What Mr. Sceeles suggests is a strategy of buying government strip bonds every year, as part of an RRSP contribution. For example, if you are 10 years away from retirement and have $10,000 to invest this season, a 10-year, $10,000 government strip bond will cost about $5,500 today. This will free up the remaining $4,500, which can be put into more aggressive investments, he says.
"Even if the equity markets are rocky, or dive just before your retirement, you will have at least the initial $10,000 contribution coming due your first year in retirement (plus the income tax savings today). If you repeat this strategy every year until you retire, you will have assured at least a $10,000 income from your investments for the first 10 years of retirement," he says.

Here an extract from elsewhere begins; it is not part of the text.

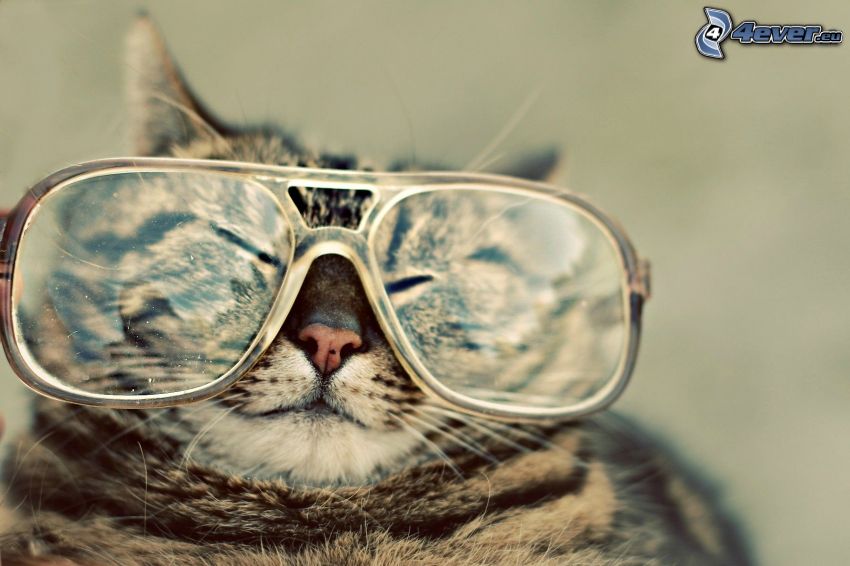 gato, gafas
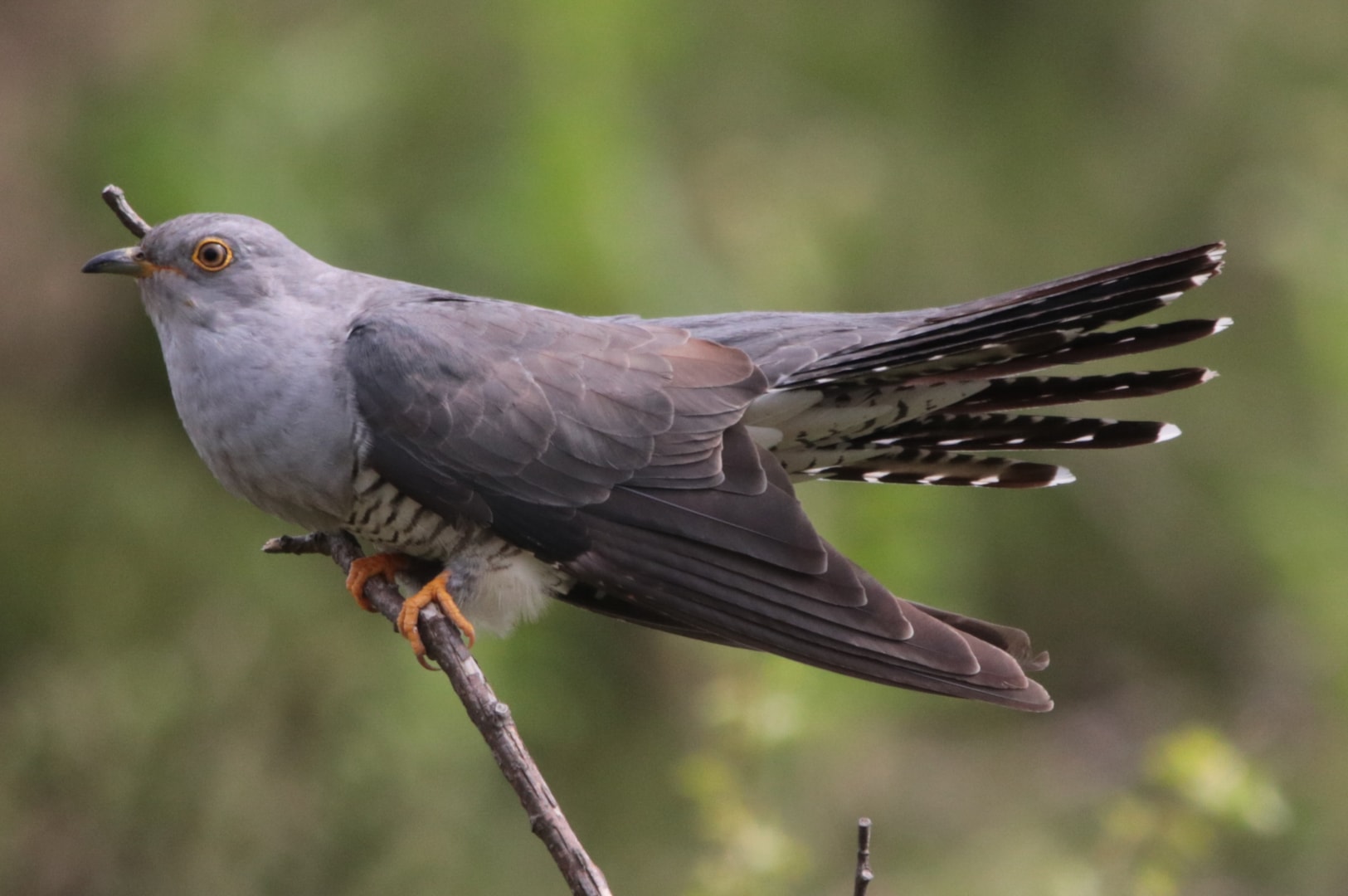 Common Cuckoo by Paul Ash BirdGuides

John Di Sabatino, an investment adviser with Royal Bank of Canada's RBC Investments, suggests an annual purchase of a labour-sponsored fund as another strategy for growing an RRSP portfolio quickly. He says these are a great investment for people without a lot of capital, since tax credits and RRSP deductions mean that up to 66 per cent of the investment could be subsidized by the government.
Ms. Lovett-Reid says other strategies for people with limited cash to contribute to an RRSP include contributions in kind -- putting other assets, such as equities, that you may hold outside an RRSP into a tax-sheltered RRSP. The drawback is that you may have to pay capital gains tax when you do this and you cannot declare capital losses for investments that you hold in an RRSP, she adds.
Owners of a small business or people starting off a business that has the potential to grow can put shares of their business in an RRSP, says Ms. Lovett-Reid, but she notes that this is not permitted if you are the controlling shareholder of a corporation.
Holding your own mortgage within an RRSP is another option, says Ms. Lovett-Reid, who doesn't recommend this strategy for amounts of less than $50,000 since you have to pay legal fees, insurance and appraisal fees.
Furthermore, she says, you have to charge yourself the going market rate. "It's not for everyone."
People with low incomes may want to think twice about contributing to an RRSP later in life because it might result in their government benefits being clawed back after they retire, says Ms. Lovett-Reid, who suggests that it may sometimes be better to hold investments outside an RRSP.
"Sometimes, when people haven't saved, it's for a good reason," she adds.